Once the line holding "US Antimony Estimates" appears, repeat it and each line after it to the end of the data, exactly and with nothing else; pictures stay out.

::::

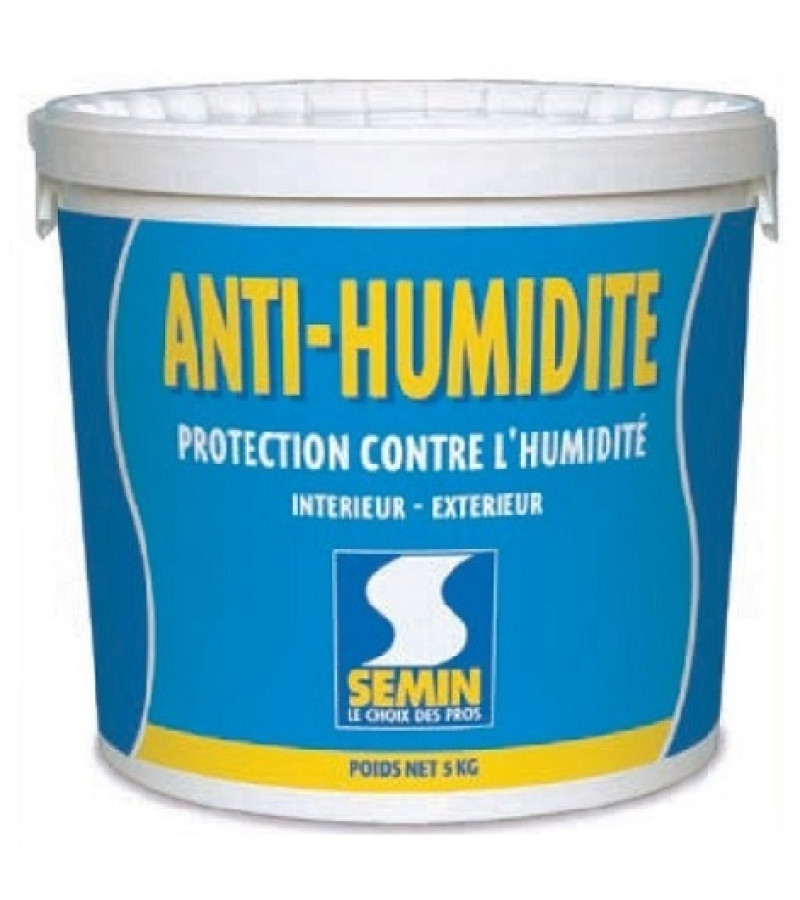 Anti-humidite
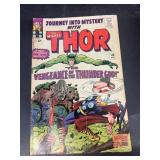 1965 Marvel comics the mighty Thor issue 115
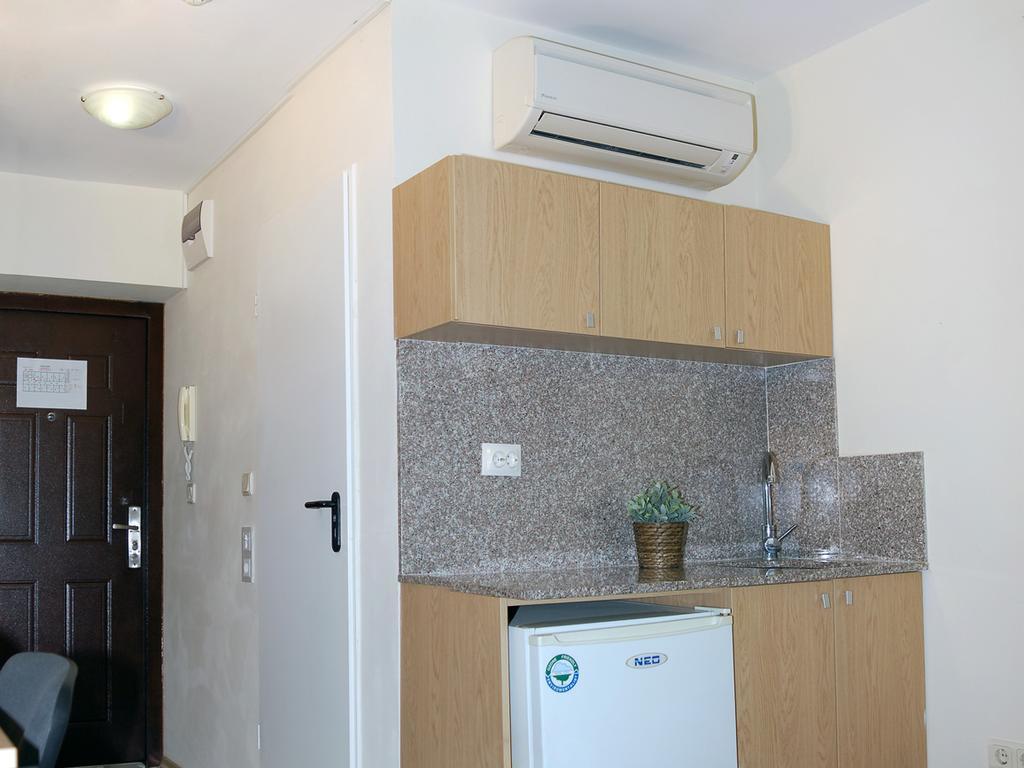 Hotel Millennia Ruse Zewnętrze zdjęcie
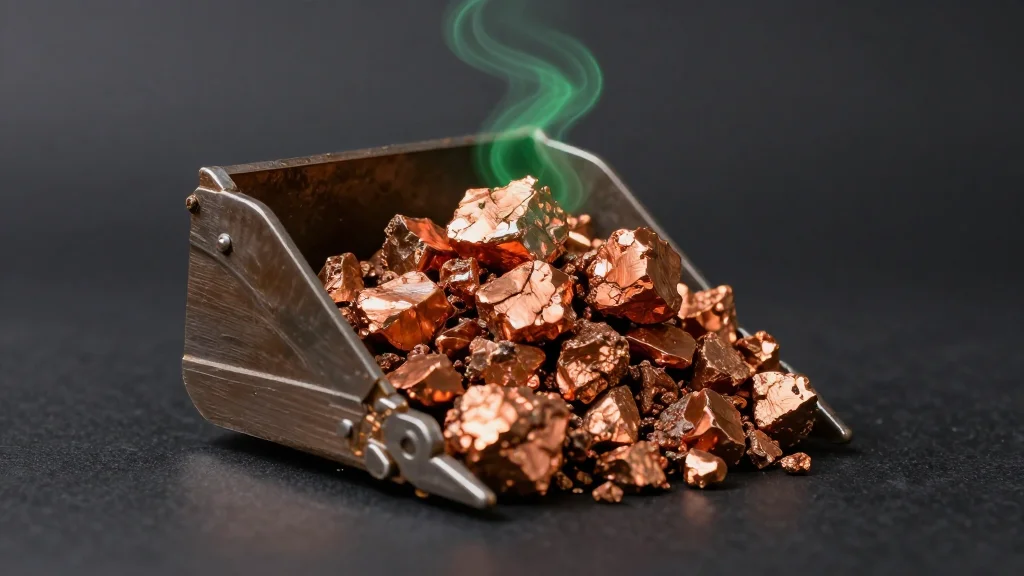 US Antimony Estimates Resource for Ontario Tungsten Project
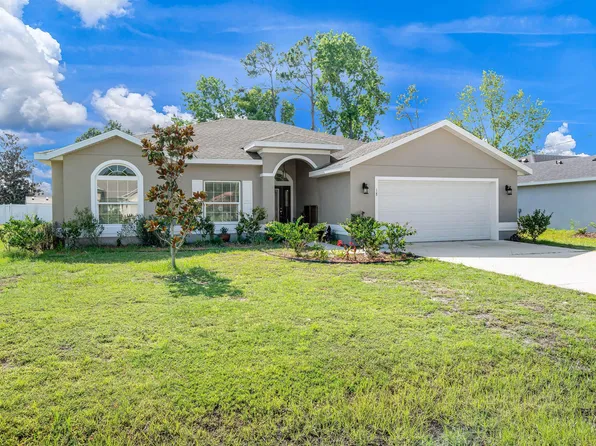 18 Preston Ln, Palm Coast, FL 32164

::::

__Solution to the problem__.
 US Antimony Estimates Resource for Ontario Tungsten Project
 18 Preston Ln, Palm Coast, FL 32164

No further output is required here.